Given this ruling, the court valued the LLC interests not by reference to the trust’s ownership but by their value in the taxpayer’s hands. The parties agreed that under the fair market value standard, a willing buyer/willing seller would pay less for the LLC interests than for an outright purchase of the same block of freely traded marketable securities. To prove the applicable discounted value, the taxpayer offered the original discounted appraisal (10% for minority interest, 30% for lack of marketability [DLOM], for a combined 36.5% discount), as well as a second appraisal, prepared specifically for trial. This second expert also included a 10% minority discount, but believed a 35% DLOM was appropriate, for a cumulative 41.5% discount.
Notably, the IRS chose not to present its own expert valuation, relying instead on its original claims (in Pierre I) that the gifts were of the underlying assets of the LLC. Having lost that argument, in Pierre II the IRS simply requested the court to reduce the taxpayer’s proposed discounts.
Taxpayer wins by default? Although the taxpayer’s trial expert agreed with the original assessment of a 10% minority discount, he conceded that this applied to LLC interests of 40.5% and 9.5%. If he’d reviewed the rights and restrictions applicable to a 50% interest in the LLC, he would have reduced the discount to 8%, he said. Given the court’s collapse of the gift and sale transactions into transfers of 50% apiece, it accepted and applied the 8% discount for lack of control.

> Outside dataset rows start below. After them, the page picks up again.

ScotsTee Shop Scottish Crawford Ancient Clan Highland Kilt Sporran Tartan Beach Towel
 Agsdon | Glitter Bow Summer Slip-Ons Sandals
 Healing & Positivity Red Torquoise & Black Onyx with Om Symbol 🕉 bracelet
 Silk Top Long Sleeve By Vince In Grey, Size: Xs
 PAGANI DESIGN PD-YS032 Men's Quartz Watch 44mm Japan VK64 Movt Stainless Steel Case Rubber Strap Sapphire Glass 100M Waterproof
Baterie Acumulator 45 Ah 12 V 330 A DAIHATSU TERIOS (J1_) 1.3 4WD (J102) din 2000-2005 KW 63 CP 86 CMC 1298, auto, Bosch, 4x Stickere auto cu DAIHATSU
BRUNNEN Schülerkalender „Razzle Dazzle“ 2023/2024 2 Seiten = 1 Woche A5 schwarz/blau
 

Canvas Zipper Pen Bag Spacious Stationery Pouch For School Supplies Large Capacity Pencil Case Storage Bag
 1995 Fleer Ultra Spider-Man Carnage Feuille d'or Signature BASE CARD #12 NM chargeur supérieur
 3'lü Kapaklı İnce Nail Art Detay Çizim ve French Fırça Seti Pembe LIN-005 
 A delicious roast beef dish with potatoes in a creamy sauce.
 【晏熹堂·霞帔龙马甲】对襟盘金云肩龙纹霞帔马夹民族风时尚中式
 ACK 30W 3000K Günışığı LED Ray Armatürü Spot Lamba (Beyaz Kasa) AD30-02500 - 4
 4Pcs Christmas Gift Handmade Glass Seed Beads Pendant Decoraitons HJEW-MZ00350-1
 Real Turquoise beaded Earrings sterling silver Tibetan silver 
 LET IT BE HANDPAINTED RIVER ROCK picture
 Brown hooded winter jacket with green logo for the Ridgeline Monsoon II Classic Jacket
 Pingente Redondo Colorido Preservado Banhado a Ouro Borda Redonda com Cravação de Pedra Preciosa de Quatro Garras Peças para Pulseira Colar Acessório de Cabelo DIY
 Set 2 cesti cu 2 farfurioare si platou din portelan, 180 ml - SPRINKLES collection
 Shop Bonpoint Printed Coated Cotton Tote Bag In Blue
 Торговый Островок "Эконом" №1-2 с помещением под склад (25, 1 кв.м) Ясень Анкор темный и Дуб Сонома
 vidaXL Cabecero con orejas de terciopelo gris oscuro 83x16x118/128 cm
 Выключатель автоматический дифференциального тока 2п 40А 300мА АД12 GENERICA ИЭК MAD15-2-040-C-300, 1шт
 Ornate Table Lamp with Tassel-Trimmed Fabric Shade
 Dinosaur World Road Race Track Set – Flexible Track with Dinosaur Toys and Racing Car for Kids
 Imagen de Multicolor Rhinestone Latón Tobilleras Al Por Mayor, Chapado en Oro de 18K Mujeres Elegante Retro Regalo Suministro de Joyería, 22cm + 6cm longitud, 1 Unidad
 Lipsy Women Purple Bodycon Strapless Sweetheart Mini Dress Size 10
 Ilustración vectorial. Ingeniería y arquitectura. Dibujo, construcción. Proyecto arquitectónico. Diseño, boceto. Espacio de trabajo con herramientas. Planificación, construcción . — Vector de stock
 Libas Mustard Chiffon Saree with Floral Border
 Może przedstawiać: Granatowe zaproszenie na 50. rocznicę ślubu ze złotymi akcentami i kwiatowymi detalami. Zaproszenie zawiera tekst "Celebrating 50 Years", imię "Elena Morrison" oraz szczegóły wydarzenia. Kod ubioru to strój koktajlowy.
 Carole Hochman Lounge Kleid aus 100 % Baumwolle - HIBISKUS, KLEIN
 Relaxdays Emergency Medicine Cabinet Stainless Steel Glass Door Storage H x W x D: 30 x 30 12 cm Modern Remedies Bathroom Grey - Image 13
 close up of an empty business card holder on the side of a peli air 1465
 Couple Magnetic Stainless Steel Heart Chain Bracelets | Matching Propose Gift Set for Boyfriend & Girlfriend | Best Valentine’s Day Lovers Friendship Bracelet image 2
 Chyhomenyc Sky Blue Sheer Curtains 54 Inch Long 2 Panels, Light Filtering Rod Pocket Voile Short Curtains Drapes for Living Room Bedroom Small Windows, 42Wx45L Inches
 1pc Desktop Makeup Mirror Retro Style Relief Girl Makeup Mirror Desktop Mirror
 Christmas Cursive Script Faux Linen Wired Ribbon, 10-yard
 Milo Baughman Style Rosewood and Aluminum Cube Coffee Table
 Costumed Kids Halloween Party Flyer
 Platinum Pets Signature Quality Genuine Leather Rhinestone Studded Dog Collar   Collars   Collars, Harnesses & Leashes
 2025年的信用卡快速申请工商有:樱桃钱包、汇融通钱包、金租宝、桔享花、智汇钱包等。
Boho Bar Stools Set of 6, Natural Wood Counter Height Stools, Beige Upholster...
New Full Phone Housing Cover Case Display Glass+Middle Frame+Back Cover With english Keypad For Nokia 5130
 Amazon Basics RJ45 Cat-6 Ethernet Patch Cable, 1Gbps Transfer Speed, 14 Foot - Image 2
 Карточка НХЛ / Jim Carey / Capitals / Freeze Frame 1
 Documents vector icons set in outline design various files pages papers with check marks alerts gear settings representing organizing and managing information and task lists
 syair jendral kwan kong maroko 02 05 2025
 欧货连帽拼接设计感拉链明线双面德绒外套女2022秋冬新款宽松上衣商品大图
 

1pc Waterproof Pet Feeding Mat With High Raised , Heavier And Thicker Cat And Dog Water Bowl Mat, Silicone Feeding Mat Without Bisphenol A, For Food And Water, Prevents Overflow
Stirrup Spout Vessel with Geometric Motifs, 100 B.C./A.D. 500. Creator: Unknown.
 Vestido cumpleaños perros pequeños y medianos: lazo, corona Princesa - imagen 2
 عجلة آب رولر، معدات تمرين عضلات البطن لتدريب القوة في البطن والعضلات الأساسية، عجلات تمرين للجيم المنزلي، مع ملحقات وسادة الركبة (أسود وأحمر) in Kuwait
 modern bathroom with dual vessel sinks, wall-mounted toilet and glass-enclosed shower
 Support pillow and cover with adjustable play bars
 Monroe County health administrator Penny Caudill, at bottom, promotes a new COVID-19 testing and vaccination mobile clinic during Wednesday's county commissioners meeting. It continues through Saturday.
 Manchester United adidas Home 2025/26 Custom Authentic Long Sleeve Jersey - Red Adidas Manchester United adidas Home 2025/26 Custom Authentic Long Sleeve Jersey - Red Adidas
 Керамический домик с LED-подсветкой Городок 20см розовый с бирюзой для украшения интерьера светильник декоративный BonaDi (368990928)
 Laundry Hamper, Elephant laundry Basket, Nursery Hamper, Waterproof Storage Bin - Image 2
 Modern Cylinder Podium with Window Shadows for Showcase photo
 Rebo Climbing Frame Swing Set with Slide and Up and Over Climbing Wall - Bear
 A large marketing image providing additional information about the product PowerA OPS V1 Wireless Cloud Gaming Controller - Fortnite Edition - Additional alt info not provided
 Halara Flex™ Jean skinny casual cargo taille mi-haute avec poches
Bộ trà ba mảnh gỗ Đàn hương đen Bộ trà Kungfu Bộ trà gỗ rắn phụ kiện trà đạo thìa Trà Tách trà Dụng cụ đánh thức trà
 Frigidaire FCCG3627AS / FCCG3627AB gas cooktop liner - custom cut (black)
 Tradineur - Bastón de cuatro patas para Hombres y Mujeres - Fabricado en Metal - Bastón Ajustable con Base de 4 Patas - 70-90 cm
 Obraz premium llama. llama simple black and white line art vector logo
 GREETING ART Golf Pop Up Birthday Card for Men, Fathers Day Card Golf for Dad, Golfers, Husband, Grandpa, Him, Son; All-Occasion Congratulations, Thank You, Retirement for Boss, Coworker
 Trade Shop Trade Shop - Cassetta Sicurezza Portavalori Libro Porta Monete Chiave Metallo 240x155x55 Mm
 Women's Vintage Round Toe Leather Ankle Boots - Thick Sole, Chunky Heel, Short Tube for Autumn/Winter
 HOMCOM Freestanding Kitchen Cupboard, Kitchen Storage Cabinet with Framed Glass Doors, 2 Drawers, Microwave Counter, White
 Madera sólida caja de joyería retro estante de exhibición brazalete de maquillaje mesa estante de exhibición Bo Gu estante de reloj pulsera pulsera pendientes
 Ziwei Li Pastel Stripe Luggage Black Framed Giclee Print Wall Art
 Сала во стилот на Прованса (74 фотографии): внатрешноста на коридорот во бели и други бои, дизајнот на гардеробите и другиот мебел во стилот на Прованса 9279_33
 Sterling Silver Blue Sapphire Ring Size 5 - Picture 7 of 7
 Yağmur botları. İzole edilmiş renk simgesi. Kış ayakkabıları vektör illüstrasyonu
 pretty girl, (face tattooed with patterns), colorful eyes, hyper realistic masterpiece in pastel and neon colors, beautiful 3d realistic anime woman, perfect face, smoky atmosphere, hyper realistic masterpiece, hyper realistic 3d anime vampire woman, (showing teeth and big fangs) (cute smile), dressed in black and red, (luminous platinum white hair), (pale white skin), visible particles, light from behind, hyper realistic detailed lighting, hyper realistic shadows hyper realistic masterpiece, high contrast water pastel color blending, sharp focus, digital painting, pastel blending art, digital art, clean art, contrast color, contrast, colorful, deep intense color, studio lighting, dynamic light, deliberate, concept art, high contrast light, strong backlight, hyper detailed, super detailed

Despite her trial expert’s 35% DLOM, the taxpayer advocated for only 30%, as set forth in her original appraisal. Although the IRS argued that a 35% marketability discount was too high, it failed to contest the 30% DLOM at trial. Further, the IRS offered no evidence or expert testimony concerning the LLC interests. Based on the available evidence, presented by the taxpayer, the court held that a 30% marketability discount was appropriate and applied the same.